The cost to indigenous Australians from European settlement was severe, in lives and lands disposed. And the cost is lasting. A national apology for past wrongs and campaigns for recognition in the constitution can be debated, but ultimately, the indigenous community still carries the burden. Reconciliation, however defined, remains unfinished business for Australia.

This should never be allowed to be treated as another “hardy annual”, a challenge discussed around the day each year parliament reports on efforts to “close the gap”, and instead judged as a relentless priority against the much-vaunted concept of a fair go. This can start by government and citizens alike meaningfully engaging with the 2017 Uluru statement from the heart.

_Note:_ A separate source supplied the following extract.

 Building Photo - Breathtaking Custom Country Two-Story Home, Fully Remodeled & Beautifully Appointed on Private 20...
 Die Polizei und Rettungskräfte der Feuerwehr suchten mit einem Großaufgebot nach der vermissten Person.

The two issues that have defined the annual Australia Day debate are distinct, but both hearken back to a struggle with identity, for a young country in a formal fashion and an ancient continent. Australians project a sense of ease and comfort within ourselves, but the tension in both these conversations is evident. The question is whether as a people Australians can confront this tension directly, away from a summer ritual, and see it resolved.

Uluru at sunset, central Australia (Photo: Tchami/Flickr)


But Kennett, too, was only half right. On the symbolism of a national day, he suggested Australia Day be celebrated on 1 January, the anniversary of the federation, when Australia’s colonies joined into a commonwealth in 1901.

Better that a modern Australia celebrates a modern occasion. There is no need to reach back to history to find an excuse for a national party. Australia should make history. It’s time for another republic debate, to show the social riches that will come from a declaration of independent confidence, and then the date of a successful referendum can become the anniversary to celebrate.

India already has 26 January as its own Republic Day. Let’s, as Australians, band together and find our own.